Time has an interesting effect on everything. Especially when it comes to rendering judgment on what is good and bad. A great example of this can be found in Tim Burton’s The Nightmare Before Christmas. When this stop-motion animation film came out in 1993, it was a flop at the box office and many felt that it was “too scary” for kids given some of the things the movie did (shrunken head in a Christmas present might have been…ahead of its time).
However, nowadays, Nightmare Before Christmas is a classic film for many, and for the man behind the voice of Jack Skellington, Danny Elfman, he couldn’t be happier with its status as a cult classic film.
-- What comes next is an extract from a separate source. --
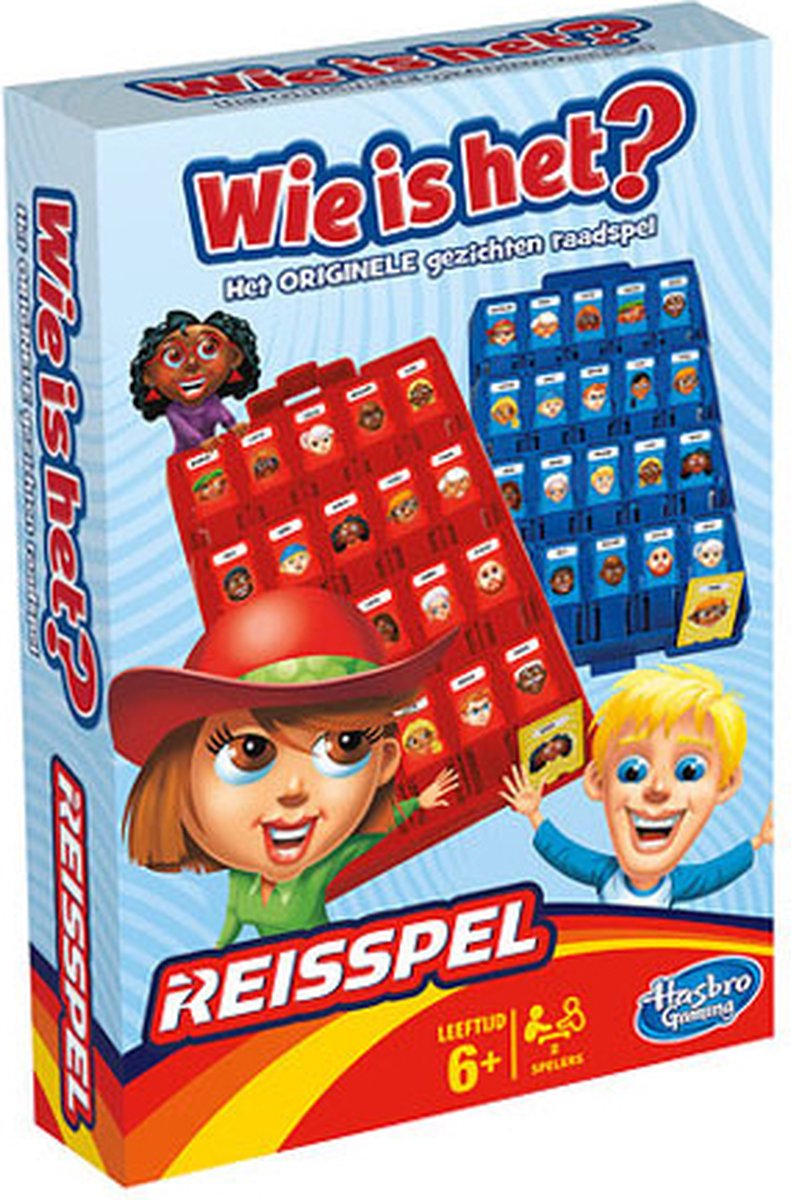 Hasbro Reisspel Wie Is Het?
“When it came out, I did a two-day press junket and virtually every interview started with: ‘Too scary for kids, right?’,” Elfman, who composed the music and provided the singing voice of Jack Skellington, recalled to Variety. “I think that’s why Disney was like, ‘What do we do with this thing? We’re a family film company.’ So to come back years later and to see families out there, and to be getting recordings of people’s kids who are 4 years old singing ‘What’s This’ or ‘This is Halloween,’ makes me really feel blessed. It’s like a second life and proving them wrong.”
Elfman also praised Disney for realizing what they had eventually and putting energy into keeping the film alive. Every Halloween they turn the Haunted Mansion at various parks into Halloween Town from the film. What’s more, they allowed the property to be in the beloved Kingdom Hearts franchise as one of the worlds the main characters visited. There have been books and comics about the movie and there are an infinite number of art pieces by fans over the years showing their love of the franchise.
So in the end, history remembered it fondly, as it should.